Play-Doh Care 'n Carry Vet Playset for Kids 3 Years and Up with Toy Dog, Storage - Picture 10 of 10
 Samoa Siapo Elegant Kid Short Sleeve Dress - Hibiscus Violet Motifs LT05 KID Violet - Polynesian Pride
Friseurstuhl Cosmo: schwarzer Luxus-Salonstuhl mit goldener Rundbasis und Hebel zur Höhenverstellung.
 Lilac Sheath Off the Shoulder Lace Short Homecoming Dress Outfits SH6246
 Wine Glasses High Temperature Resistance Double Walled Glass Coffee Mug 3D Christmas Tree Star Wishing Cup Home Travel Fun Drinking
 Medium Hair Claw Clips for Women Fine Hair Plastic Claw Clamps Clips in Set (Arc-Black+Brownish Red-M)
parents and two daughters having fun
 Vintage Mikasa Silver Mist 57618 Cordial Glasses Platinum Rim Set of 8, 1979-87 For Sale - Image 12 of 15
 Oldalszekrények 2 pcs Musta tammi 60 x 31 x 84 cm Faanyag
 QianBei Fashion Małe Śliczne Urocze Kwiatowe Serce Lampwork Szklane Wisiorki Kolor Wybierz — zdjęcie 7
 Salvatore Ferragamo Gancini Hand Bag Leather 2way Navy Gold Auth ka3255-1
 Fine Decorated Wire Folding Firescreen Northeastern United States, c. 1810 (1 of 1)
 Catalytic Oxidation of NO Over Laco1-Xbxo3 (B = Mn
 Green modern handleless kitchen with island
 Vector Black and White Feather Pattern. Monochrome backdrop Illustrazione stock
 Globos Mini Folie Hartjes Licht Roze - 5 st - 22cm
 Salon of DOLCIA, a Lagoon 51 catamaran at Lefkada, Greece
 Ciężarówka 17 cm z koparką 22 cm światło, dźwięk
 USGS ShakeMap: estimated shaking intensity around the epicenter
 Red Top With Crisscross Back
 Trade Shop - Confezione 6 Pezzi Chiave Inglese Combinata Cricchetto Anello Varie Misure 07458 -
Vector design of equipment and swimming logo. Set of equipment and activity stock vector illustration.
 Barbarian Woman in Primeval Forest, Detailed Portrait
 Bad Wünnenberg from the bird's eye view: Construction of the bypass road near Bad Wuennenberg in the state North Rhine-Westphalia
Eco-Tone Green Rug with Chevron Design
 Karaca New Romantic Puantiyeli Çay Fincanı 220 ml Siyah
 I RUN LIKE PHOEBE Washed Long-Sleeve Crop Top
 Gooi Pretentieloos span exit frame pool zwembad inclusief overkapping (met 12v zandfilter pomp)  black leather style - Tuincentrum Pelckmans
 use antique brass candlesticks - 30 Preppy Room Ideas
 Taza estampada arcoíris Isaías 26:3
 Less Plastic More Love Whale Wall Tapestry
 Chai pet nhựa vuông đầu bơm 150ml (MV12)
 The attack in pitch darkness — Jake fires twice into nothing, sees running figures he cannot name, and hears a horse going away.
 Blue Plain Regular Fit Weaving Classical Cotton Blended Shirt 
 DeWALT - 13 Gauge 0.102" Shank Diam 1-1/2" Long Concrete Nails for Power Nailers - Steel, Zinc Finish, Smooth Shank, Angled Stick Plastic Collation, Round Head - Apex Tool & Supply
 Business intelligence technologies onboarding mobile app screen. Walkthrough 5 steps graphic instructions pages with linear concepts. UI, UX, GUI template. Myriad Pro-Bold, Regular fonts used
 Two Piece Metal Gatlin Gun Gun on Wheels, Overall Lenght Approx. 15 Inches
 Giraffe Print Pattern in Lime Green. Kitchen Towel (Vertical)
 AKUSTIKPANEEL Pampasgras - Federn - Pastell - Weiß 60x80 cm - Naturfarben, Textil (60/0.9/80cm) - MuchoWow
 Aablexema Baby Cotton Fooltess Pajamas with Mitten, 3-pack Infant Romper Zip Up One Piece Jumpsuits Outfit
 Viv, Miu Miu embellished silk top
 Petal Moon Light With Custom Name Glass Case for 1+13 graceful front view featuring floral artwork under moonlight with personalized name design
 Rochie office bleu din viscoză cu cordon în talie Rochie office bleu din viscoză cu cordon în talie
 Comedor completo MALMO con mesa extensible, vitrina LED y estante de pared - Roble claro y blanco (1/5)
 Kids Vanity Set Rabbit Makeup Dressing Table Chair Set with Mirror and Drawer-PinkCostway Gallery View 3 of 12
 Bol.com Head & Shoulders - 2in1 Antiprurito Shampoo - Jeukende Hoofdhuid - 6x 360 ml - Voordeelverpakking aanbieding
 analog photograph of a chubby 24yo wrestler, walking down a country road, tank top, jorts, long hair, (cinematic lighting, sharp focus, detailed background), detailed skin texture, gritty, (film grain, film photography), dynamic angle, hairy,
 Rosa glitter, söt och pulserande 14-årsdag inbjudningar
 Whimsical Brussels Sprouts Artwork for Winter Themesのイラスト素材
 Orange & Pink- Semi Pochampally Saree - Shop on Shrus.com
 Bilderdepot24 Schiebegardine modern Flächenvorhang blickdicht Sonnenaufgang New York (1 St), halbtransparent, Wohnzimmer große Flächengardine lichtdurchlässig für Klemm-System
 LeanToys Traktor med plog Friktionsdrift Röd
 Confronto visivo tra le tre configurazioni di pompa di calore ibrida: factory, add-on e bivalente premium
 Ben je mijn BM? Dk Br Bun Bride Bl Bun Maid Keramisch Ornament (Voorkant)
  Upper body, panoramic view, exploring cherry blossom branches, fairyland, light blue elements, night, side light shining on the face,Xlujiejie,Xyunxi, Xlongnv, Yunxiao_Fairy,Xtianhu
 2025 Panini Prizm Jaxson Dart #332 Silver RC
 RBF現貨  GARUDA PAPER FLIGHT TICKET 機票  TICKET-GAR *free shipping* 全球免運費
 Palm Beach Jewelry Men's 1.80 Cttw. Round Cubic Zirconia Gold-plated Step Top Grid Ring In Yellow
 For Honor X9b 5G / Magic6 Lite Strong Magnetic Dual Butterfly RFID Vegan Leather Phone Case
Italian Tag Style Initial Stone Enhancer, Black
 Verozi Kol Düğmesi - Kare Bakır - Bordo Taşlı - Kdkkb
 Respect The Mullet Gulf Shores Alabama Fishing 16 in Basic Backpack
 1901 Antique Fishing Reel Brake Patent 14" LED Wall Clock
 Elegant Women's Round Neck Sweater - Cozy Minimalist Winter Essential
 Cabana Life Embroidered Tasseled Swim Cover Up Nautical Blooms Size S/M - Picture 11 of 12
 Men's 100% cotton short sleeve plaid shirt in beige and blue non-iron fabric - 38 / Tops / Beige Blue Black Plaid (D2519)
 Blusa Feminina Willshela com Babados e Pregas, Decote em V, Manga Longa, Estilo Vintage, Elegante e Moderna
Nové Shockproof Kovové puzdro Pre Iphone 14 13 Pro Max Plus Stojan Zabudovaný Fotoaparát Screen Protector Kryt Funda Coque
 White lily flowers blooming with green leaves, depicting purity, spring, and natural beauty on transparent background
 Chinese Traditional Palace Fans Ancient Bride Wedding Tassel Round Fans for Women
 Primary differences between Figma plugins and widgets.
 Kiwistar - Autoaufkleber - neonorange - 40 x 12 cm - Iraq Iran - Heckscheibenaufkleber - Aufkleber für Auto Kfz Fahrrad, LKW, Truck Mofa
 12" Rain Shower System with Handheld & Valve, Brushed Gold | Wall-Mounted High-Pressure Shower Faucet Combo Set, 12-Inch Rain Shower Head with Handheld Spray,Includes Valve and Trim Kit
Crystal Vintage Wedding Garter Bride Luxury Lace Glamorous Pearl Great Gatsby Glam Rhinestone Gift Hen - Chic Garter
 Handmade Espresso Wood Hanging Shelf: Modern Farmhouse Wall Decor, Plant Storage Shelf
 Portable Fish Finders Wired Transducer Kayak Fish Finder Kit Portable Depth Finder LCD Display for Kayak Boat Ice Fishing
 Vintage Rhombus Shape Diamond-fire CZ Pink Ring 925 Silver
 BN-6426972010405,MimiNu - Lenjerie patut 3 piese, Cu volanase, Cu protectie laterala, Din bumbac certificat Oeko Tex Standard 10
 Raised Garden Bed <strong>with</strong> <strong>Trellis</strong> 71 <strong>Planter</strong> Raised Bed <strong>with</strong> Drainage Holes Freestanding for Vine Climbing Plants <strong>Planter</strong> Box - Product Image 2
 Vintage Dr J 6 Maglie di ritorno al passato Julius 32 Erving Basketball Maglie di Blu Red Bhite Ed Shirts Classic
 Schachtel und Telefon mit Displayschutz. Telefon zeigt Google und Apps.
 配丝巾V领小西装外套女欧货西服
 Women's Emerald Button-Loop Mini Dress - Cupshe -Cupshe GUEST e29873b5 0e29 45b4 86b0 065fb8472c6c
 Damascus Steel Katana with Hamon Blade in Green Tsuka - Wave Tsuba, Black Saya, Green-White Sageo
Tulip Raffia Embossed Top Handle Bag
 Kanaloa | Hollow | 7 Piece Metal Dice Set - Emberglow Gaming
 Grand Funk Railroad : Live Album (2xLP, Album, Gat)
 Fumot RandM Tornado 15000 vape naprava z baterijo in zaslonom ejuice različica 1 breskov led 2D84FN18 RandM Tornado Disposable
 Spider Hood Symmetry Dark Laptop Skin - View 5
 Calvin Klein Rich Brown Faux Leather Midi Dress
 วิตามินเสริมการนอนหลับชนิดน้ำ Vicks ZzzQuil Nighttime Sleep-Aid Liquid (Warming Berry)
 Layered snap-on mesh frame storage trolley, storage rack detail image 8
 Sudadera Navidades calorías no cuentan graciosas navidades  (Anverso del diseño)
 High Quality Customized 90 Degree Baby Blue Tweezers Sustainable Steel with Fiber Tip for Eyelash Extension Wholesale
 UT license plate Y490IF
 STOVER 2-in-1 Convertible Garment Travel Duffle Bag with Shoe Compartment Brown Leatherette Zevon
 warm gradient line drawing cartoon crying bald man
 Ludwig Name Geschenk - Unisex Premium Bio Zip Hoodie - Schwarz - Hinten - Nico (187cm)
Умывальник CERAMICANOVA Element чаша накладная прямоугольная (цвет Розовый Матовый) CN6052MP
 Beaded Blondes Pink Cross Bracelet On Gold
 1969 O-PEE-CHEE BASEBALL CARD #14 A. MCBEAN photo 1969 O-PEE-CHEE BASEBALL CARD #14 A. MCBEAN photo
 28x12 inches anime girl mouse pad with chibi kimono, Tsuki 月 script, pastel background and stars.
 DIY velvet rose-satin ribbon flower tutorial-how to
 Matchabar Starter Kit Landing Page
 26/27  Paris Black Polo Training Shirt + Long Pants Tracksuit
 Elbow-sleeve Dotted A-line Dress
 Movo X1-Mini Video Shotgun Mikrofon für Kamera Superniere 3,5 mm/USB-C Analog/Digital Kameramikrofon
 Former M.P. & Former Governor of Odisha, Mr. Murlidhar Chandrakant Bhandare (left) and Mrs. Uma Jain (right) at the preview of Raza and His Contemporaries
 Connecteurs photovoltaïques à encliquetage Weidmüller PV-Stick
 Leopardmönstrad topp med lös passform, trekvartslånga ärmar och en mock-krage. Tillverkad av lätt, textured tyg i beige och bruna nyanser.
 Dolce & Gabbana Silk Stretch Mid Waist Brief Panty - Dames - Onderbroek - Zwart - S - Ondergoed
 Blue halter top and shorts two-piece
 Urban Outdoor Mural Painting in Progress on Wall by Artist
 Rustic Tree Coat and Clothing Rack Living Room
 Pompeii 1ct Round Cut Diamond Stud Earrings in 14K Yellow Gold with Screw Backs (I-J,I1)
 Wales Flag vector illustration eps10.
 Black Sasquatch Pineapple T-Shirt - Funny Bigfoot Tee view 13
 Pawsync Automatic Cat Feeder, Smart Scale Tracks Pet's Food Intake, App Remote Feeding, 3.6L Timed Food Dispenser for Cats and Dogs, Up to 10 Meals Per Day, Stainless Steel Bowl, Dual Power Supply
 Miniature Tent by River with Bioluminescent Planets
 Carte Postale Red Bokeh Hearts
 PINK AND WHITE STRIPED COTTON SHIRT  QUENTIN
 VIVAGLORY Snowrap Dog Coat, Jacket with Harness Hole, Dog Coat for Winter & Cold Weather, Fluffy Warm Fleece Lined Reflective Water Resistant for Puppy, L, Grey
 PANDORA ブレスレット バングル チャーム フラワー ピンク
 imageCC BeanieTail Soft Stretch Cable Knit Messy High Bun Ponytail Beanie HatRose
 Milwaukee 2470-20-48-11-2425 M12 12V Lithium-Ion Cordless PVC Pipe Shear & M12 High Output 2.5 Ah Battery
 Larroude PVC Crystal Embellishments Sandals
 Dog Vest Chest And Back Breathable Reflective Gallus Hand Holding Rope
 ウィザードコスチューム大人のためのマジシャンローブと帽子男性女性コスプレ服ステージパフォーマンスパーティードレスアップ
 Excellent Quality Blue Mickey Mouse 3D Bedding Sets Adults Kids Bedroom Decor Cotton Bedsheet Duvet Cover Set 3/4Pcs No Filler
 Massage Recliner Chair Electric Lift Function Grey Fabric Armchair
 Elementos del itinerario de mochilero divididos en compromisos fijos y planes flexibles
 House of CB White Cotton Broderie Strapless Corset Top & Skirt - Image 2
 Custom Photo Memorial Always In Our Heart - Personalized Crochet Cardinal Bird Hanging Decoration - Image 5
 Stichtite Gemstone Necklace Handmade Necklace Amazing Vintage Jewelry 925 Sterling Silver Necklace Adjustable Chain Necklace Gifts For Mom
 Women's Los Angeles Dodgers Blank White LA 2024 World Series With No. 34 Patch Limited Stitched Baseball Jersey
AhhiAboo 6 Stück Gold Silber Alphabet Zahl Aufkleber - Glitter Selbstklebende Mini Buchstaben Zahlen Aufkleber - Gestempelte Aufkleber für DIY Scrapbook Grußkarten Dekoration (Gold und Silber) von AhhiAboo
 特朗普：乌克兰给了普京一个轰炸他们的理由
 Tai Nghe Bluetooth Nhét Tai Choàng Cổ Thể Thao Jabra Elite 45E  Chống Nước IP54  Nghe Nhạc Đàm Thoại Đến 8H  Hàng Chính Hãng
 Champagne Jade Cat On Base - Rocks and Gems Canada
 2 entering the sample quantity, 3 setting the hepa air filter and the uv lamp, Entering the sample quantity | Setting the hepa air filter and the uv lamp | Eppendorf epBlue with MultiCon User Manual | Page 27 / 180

* * *

§ **PROBLEM TO WORK ON**: Begin at the top of the records above and quote each line exactly, ending with the line that contains "Eco-Tone Green Rug with Chevron Design".

§ **SOLVED PROBLEM**:
Play-Doh Care 'n Carry Vet Playset for Kids 3 Years and Up with Toy Dog, Storage - Picture 10 of 10
 Samoa Siapo Elegant Kid Short Sleeve Dress - Hibiscus Violet Motifs LT05 KID Violet - Polynesian Pride
Friseurstuhl Cosmo: schwarzer Luxus-Salonstuhl mit goldener Rundbasis und Hebel zur Höhenverstellung.
 Lilac Sheath Off the Shoulder Lace Short Homecoming Dress Outfits SH6246
 Wine Glasses High Temperature Resistance Double Walled Glass Coffee Mug 3D Christmas Tree Star Wishing Cup Home Travel Fun Drinking
 Medium Hair Claw Clips for Women Fine Hair Plastic Claw Clamps Clips in Set (Arc-Black+Brownish Red-M)
parents and two daughters having fun
 Vintage Mikasa Silver Mist 57618 Cordial Glasses Platinum Rim Set of 8, 1979-87 For Sale - Image 12 of 15
 Oldalszekrények 2 pcs Musta tammi 60 x 31 x 84 cm Faanyag
 QianBei Fashion Małe Śliczne Urocze Kwiatowe Serce Lampwork Szklane Wisiorki Kolor Wybierz — zdjęcie 7
 Salvatore Ferragamo Gancini Hand Bag Leather 2way Navy Gold Auth ka3255-1
 Fine Decorated Wire Folding Firescreen Northeastern United States, c. 1810 (1 of 1)
 Catalytic Oxidation of NO Over Laco1-Xbxo3 (B = Mn
 Green modern handleless kitchen with island
 Vector Black and White Feather Pattern. Monochrome backdrop Illustrazione stock
 Globos Mini Folie Hartjes Licht Roze - 5 st - 22cm
 Salon of DOLCIA, a Lagoon 51 catamaran at Lefkada, Greece
 Ciężarówka 17 cm z koparką 22 cm światło, dźwięk
 USGS ShakeMap: estimated shaking intensity around the epicenter
 Red Top With Crisscross Back
 Trade Shop - Confezione 6 Pezzi Chiave Inglese Combinata Cricchetto Anello Varie Misure 07458 -
Vector design of equipment and swimming logo. Set of equipment and activity stock vector illustration.
 Barbarian Woman in Primeval Forest, Detailed Portrait
 Bad Wünnenberg from the bird's eye view: Construction of the bypass road near Bad Wuennenberg in the state North Rhine-Westphalia
Eco-Tone Green Rug with Chevron Design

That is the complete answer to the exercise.